### ACTIVITY
Taking the line with "Ayvacık'ta kaçak göçmen operasyonu" as the first and the last line of the entries as the final one, copy that span exactly.

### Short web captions
****************************************
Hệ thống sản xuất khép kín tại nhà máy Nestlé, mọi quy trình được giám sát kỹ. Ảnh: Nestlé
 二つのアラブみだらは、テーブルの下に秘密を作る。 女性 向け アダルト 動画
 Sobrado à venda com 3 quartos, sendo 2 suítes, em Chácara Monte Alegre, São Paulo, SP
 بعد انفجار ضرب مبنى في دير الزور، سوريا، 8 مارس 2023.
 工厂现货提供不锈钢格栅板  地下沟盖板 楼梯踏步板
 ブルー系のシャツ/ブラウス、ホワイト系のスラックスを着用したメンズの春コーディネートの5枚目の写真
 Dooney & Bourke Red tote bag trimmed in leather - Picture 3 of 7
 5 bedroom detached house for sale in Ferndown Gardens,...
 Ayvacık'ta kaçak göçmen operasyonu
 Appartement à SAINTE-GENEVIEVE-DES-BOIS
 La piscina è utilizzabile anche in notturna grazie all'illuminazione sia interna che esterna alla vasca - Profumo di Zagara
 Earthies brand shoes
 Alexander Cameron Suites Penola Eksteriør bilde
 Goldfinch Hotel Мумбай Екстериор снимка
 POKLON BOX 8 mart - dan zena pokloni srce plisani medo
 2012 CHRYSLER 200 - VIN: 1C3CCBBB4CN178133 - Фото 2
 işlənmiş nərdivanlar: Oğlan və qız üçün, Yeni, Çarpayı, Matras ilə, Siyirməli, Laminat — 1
****************************************
### ANSWER BOX
 Ayvacık'ta kaçak göçmen operasyonu
 Appartement à SAINTE-GENEVIEVE-DES-BOIS
 La piscina è utilizzabile anche in notturna grazie all'illuminazione sia interna che esterna alla vasca - Profumo di Zagara
 Earthies brand shoes
 Alexander Cameron Suites Penola Eksteriør bilde
 Goldfinch Hotel Мумбай Екстериор снимка
 POKLON BOX 8 mart - dan zena pokloni srce plisani medo
 2012 CHRYSLER 200 - VIN: 1C3CCBBB4CN178133 - Фото 2
 işlənmiş nərdivanlar: Oğlan və qız üçün, Yeni, Çarpayı, Matras ilə, Siyirməli, Laminat — 1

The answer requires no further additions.